BP officials said it was too early to determine what caused a water-pipe leak that led to the second partial shutdown in 10 months of the nation's largest producing oil field.
"The best estimate is that it's going to be a few days where we are going through a repair plan," BP spokesman Daren Beaudo said Tuesday. "We will work as quickly and as safely as we can."
Production at Alaska's Prudhoe Bay was cut by one fourth after the company discovered the leak early Monday morning, company officials said.
Some 400,000 barrels a day of oil are pumped at Prudhoe Bay, about half of the total North Slope production.
Beaudo said the company discovered a hole about the size of a pencil's diameter to a water line in a facility used to separate oil, water and natural gas.

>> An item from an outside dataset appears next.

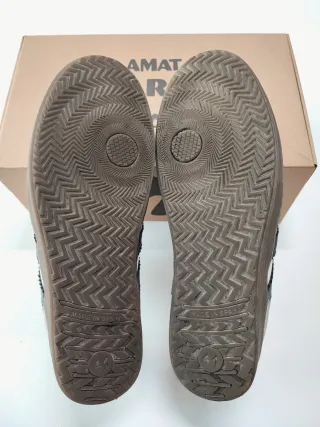 Zapatillas Amat Marco Gris y Blanco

BP discovered the leak around 1:45 a.m. Tuesday, Beaudo said. By the time work crews diverted the leak to proper drainage and placed a patch over the leak, about 20 barrels of water had escaped from the pipe.
BP is Prudhoe Bay's operator, and it has a 25 percent stake in the field it shares largely with ConocoPhillips and Exxon Mobil, which hold 36 percent interest each.
The British company said its production loss would be 25,000 barrels per day; losses for the two majority owners would be about 36,000 barrels a day each.
The facility where the water leak occurred is the same one where the largest-ever oil leak on the North Slope occurred, last year.